From the start, there were attempts to create a Pan-Mongol state to include Inner Mongolia, Urianhai in the northwest and other nearby regions. The Mongolians argued they’d been vassals of the Manchus and did not owe any allegiance to the new regime in China. Ironically, their only diplomatic recognition came from Tibet, in turmoil itself as it sought – ultimately in vain, of course – to make the same argument.

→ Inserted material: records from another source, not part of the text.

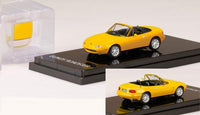 Thumbnail for Hobby Japan 1:64 Eunos Roadster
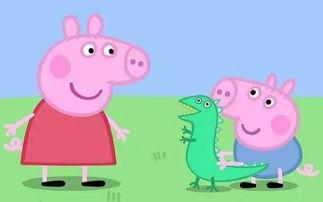 爆笑小猪佩奇爆料视频,小猪家族的欢乐日常大公开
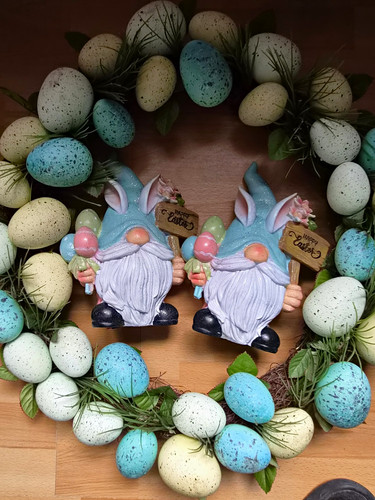 Maxx large easter egg - maxx,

The change began. Most of Mongolia’s then 600.000 population lived in a pre-20th century “time warp”, running livestock and living a nomadic lifestyle. With its heavy overlay of superstitious beliefs, Buddhism Lamaism was deeply entrenched. Some 100.000 men and boys were lamas living in 700 temples and monasteries around the country. Apart from Hovd and Uliastai, the only town was Ih Huree, or Urga (Orgoo) as the Russians called it, which was the seat of the theocratic leader and home to over 60.000 lamas. Known today as Ulaanbaatar, this monastery town had only developed in 1779 after drifting its way east over two centuries from Karakorum. In the 19th century, Ih Huree / Urga grew into an important trading centre in the Tea Road between China and Russia, with several thousand residents from those two countries.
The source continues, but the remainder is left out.